Keywords: Christopher Alexander, communal land, land-use management, pattern language, South Africa, spatial planning


OPSOMMING

Bestaande instrumente om 'n gemeenskap se visie vas te lê tydens ruimtelike beplanning en -bestuur van grondgebruik artikuleer dikwels nie die visie van 'n gemeenskap op 'n inspirerende manier en op 'n manier waarop beplanners en die gemeenskap kan kommunikeer oor wat die visie eintlik beteken nie. Die 'patroontaal'-benadering wat deur Christopher Alexander en andere gepionier is, word in Suid-Afrika as 'n moontlike 'nuwe' benadering bekendgestel wat gebruik kan word om 'n gemeenskap se visie te verwoord as deel van 'n munisipale ruimtelike ontwikkelingsraamwerk. Dit word getoon, gebaseer op kwalitatiewe navorsing wat by Mooiplaas, in die Groot Kei-munisipaliteit in die Oos-Kaapse provinsie van Suid-Afrika gedoen is, dat 'n voorlopige patroontaal ontwikkel kan word deur met 'n spesifieke gemeenskap te werk om die kenmerke van hul gemeenskap te identifiseer wat hulle wil behou en verbeter, asook watter nuwe funksies hulle op grond van hul visie in hul gemeenskap wil inbring. Areas vir verdere navorsing rakende die 'patroontaal'-begrip word geidentifiseer.

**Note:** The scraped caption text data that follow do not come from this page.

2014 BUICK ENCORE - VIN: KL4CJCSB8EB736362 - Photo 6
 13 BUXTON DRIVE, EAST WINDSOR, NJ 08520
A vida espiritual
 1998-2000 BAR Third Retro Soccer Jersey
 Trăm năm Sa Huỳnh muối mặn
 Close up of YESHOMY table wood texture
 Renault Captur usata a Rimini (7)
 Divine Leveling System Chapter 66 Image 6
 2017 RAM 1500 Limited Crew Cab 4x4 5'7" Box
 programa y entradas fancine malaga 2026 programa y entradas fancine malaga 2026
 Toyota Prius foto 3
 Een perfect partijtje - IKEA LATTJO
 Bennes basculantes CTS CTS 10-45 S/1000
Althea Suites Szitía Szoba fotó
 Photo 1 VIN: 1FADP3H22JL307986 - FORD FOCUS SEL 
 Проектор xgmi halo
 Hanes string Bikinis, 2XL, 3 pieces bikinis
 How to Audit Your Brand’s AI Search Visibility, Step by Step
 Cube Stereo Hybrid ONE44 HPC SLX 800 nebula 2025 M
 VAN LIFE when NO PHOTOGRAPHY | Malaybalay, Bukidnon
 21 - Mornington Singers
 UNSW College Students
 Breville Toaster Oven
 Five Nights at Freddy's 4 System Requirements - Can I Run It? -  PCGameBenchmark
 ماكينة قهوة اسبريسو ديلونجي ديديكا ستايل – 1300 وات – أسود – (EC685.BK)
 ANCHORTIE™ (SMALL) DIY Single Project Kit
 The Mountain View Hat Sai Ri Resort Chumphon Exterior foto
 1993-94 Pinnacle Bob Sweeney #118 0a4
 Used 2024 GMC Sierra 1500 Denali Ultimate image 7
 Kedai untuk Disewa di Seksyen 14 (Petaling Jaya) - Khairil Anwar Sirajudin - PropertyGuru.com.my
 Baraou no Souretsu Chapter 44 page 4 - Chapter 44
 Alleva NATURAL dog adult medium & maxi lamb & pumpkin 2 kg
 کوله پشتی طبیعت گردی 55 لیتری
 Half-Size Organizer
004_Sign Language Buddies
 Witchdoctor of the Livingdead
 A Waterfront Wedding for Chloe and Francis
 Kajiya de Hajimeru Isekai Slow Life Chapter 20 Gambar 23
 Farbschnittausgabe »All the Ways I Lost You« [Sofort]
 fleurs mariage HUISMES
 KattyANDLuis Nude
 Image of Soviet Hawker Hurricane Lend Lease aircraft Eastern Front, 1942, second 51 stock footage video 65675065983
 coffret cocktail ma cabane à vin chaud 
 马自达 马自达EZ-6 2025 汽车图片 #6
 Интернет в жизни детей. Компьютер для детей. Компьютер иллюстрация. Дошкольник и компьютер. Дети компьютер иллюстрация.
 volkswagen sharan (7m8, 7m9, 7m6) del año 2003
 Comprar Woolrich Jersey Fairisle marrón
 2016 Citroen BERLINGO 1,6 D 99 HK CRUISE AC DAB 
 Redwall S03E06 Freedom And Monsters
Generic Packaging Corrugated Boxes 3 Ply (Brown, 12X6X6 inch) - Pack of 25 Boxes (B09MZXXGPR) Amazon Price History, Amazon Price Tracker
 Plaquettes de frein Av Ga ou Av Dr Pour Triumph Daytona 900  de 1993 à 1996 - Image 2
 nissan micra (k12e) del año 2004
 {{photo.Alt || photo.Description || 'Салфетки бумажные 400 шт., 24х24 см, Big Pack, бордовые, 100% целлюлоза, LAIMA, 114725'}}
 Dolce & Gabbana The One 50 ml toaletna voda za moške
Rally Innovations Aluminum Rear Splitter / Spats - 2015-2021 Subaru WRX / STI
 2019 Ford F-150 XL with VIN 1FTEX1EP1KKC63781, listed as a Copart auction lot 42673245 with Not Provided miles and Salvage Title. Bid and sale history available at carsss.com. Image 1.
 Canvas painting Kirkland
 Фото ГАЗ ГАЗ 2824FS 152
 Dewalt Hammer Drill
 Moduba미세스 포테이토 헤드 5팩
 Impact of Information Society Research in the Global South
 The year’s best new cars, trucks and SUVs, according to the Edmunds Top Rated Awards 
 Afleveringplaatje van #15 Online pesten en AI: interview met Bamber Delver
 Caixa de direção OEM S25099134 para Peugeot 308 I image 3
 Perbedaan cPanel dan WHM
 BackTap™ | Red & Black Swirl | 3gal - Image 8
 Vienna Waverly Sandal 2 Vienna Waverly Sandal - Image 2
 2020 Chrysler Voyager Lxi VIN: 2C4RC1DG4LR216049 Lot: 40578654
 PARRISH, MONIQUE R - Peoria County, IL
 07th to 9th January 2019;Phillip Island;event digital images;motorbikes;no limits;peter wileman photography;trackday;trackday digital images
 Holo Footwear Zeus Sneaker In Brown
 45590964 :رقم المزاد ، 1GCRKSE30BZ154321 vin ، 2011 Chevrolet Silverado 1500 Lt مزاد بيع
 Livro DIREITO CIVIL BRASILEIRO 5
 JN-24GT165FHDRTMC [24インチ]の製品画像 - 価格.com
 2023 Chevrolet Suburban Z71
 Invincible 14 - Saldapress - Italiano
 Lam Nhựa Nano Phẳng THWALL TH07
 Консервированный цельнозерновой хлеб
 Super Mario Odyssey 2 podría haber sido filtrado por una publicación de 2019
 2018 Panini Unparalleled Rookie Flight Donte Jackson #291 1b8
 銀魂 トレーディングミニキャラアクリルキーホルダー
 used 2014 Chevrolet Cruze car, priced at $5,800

Sleutelwoorde: Christopher Alexander, bestuur van grondgebruik, gemeenskaplike grond, patroontaal, Suid-Afrika, ruimtelike beplanning


TUMELO

Lisebelisoa tse teng tsa bohlahisi ha li fane ka setshwantsho se phethahetseng sa ponelopele ea sechaba nakong ea thero le tshebediso ea lefatshe, mme li sitisa ba thero ea litoropo le sechaba ho buisana ka seo pono e se bolelang. Mokhoa puisano ka mokhabo-puo, o tlileng ka Christopher Alexander le ba bang, o hlahisoa ele mokhwa o mocha, o ka sebelisoang naheng ea Afrika Borwa ho hlakisa ponelopele ea sechaba nakong ea thero ea moralo oa ntlafatso ea libaka. Boithuto ba boleng bo entsoeng Moiplaas, 'Masepaleng oa Great Kei, profinseng ea Kapa Bochabela, Afrika Boroa, bo bontsha hore mokhabo-puo oa pele o ka boptjoa ka ho sebetsa le karoloana ea sechaba ho supa linthla tse ikhethileng tsa sechaba ka kakaretso, tse lokelang ho ntlafatsoa, mmoho le tse ncha tseo ba li labalabelang ho latela ponelopele ea bona. Linthla tse ling tsa mokhabo-puo tse hlokang boithuto bo phethahetseng lia hlahisoa.


 

 

1. INTRODUCTION

Visions are an important feature of many planning processes and are used in the strategic planning process of organisations (Community Toolbox, n.d.; On Strategy, n.d.). Visions are also used in the Integrated Development Planning (IDP) process to provide a long-term vision of the municipality as per the Municipal Systems Act (MSA) (RSA, 2000: s26) and the development of Spatial Development Framework (SDF) plans of municipalities to provide a spatial vision for the area in future as per the Spatial Planning and Land Use Management Act (SPLUMA), No. 16 of 2013 (RSA, 2013: s21.c). Visions provide a clear image of the future that inspires and motivates purposeful action (Shipley, 2002: 14).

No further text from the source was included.